Darksiders II: A Conversation With Creative Manager Jeremy Greiner


Darksiders II – it’s the game on everybody’s mind. Now with retail release clearly in sight, we thought it the perfect time to have a good old fashioned yarn with the game’s US Creative Manager Jeremy Greiner and talk delays, industry pressure and everything in between.

What was the primary reason for delaying Darksiders II and how much was it able to aid the overall final touches of development?

The primary and only reason for shifting back Darksiders II was polish. As we got into alpha, it was readily apparent that the game was massive and dripping with content. As such, the team asked THQ for some additional time to give it the love it deserves. Thankfully, the company was in a position to support us and provide that latitude.

Do you fear that once you do delay a game, the pressure to deliver starts to ramp up even more?

Nah, there’s always pressure in game development – that’s really nothing new and no one could ever put any more pressure on us than we already put on ourselves.

Most companies want to iterate and change things up when coming up with a sequel. Naturally Darksiders II does exactly that, but what do you think is the best ‘ratio’ in terms of iteration versus staying true to the original foundations?

I think the best ratio can be found in Darksiders II, it’s as dissimilar as it is similar to its predecessor (say 50/50 for a ratio). That’s a truly unique and a hard balance to find, but thankfully we were able to not only accomplish, but excel at that. Many times a sequel feels more like a 1.5. I can promise you that is not the case with Darksiders II.

Darksiders II is also no doubt a much more ambitious game than the original. Was there ever a point during development where you thought it was maybe TOO ambitious, or that you had bitten off more than you could chew?

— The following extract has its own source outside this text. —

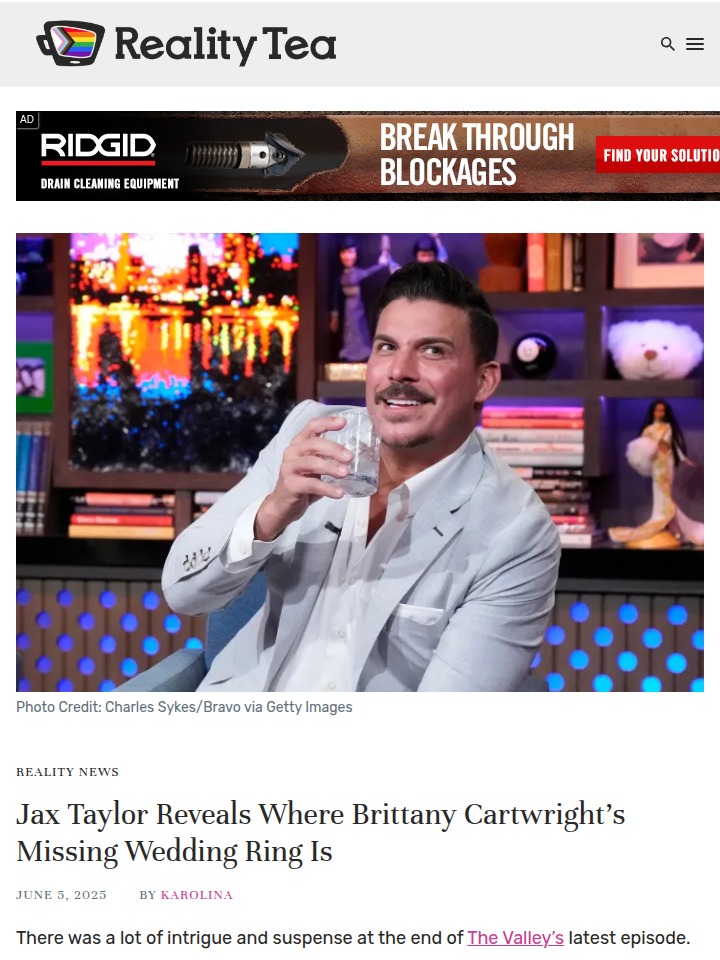 Ring-Gate: Did Jax Really Sell Brittany’s Bling? 💍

The biggest risk was switching from War to Death, tossing out all those combat systems and going with something completely new was highly ambitious. Once we got everything in-engine and were able to play as Death for the first time, it was a wipe your forehead moment that exceeded expectations. It was awesome to play as Death, so all we had to do after that was build around him. So yeah, that was definitely ambitious, but thankfully didn’t go the ‘more you could chew’ route.

What do you hope fans take away most from Darksiders II?

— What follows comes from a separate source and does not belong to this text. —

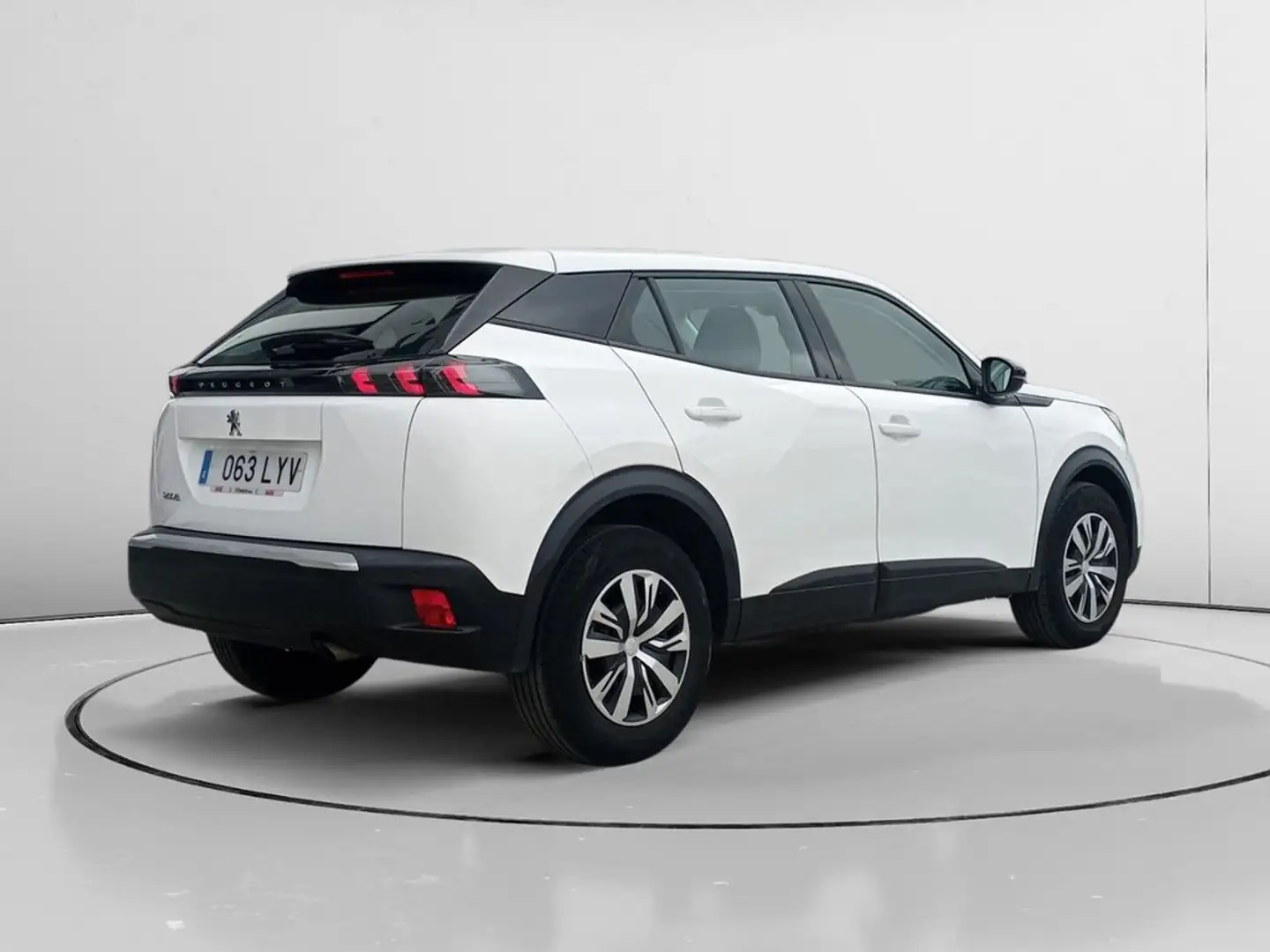 Peugeot 2008 Active Blanc - 2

That Darksiders II is a game made for gamers, by gamers. Everything in the game, all the loot, side quests, skill trees, levelling, etc. is stuff we love and want to play ourselves. That’s why we made the game!

Blue Steel – Darksiders style

What was your biggest struggle with the game?

Definitely getting this whole massive beast polished up. When you make a big game, there’s a lot to clean up during finalization!

When we spoke to Jay Fitzloff a little while back, we discussed the desire to have Darksiders break away from the comparisons of other games (like Zelda and God of War) in favour of becoming one of those benchmark titles. What is YOUR ideal ‘identity’ for Darksiders II? How do you want people to see it?

Pretty easy. Darksiders II is a sum of its parts that all work seamlessly together in a highly entertaining way. Have another game hit the market with a similar philosophy and I guarantee you’ll be referencing Darksiders II.

In one sentence, why should people buy Darksiders II?

Simple, you get to play as Death! Kick back, get immersed in a wealth of content, have fun, use your noggin and just have a killer time. Well ok, that was two sentences.